Frequently Asked Questions

A diopter is a unit of optical power equal to 1 divided by distance in meters. It describes how strongly a lens must converge light from a subject at a given distance. A subject at 1 meter requires 1 diopter of convergence. A subject at 2 meters requires 0.5 diopters. The reciprocal relationship between diopters and distance is why focus behaves non-linearly where equal physical distances produce unequal diopter changes depending on where along the range they fall.

Because the barrel is calibrated in diopters, not in feet or meters. At close focus, a small change in real-world distance produces a large change in diopter value so the marks are spread wide to give the focus puller usable resolution. At long distances, large real-world changes produce tiny diopter changes, so the marks crowd together. The barrel distribution is a direct consequence of the thin lens equation.

The shape of the curve (1/distance) is the same for every focal length. What focal length changes is the depth of field at any point on the curve, and the scale at which the curve operates relative to real-world distances. A longer lens produces shallower depth of field at the same subject distance and aperture, and its minimum focus distance shifts the steepest part of the curve further into real-world space.

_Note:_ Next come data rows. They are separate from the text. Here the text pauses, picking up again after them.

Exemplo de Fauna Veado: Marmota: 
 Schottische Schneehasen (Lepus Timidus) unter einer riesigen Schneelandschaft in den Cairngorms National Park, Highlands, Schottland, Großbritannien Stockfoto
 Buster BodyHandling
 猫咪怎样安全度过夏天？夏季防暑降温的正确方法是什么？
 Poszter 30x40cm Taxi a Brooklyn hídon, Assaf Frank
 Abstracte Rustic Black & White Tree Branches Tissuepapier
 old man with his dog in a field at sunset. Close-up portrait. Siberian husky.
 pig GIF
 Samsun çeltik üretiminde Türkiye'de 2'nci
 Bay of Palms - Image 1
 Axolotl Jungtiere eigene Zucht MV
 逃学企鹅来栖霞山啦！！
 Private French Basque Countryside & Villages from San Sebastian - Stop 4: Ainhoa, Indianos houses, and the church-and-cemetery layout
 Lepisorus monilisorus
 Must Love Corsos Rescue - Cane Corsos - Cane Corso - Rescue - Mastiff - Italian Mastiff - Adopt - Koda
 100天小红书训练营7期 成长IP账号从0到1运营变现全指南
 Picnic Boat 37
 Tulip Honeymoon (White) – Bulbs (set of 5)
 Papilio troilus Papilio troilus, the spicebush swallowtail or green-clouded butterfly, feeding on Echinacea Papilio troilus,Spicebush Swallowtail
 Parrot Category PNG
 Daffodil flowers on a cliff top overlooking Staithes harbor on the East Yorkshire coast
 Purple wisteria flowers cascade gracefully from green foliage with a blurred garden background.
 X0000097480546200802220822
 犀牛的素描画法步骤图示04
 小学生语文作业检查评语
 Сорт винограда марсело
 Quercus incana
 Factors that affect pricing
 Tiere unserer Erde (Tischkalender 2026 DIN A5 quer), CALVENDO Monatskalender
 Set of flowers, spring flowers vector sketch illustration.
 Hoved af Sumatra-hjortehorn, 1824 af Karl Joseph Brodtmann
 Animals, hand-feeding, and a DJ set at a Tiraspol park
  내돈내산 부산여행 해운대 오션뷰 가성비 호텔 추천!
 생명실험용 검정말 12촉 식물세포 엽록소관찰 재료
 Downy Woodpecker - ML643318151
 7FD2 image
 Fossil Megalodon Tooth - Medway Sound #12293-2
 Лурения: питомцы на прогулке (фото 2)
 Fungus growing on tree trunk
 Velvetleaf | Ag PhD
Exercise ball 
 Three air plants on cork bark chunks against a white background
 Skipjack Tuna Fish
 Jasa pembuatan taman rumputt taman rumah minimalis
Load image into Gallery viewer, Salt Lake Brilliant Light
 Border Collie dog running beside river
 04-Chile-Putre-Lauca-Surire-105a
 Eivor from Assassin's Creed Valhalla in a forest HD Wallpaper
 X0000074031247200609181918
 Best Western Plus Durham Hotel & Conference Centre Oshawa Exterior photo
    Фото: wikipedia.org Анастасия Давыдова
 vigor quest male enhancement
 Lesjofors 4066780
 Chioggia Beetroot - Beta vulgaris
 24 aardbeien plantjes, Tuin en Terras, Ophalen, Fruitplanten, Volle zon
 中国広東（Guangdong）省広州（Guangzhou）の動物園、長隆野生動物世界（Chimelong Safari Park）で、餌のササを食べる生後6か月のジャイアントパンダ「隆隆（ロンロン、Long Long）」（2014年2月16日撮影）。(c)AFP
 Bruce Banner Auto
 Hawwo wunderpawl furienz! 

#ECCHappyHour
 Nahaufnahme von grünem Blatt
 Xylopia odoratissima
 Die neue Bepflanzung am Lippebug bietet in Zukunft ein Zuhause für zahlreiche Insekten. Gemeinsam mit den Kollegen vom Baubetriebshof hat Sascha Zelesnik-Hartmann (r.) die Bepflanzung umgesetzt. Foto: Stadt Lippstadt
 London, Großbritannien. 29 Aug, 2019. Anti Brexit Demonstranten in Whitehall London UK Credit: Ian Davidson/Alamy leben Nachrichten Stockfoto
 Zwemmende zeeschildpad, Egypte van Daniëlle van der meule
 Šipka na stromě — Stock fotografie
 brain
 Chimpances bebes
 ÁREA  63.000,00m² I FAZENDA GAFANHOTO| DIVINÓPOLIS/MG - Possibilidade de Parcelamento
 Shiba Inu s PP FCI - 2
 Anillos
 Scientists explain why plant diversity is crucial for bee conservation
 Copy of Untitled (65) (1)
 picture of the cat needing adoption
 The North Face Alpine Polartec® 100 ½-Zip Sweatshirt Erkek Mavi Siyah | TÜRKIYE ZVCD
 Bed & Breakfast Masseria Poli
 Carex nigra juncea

The rule is a practical approximation of the diopter curve. Because depth of field extends further beyond the focus point than in front of it at most working distances (a consequence of the curve flattening toward infinity) focus pullers tend to land their marks slightly closer than the precise measured distance. This biases the depth of field window toward the far side of the subject, where the curve gives more tolerance. It works because the curve is asymmetric: on the near side of any focus mark, you're moving toward steeper optical territory; on the far side, you're moving toward flatter territory.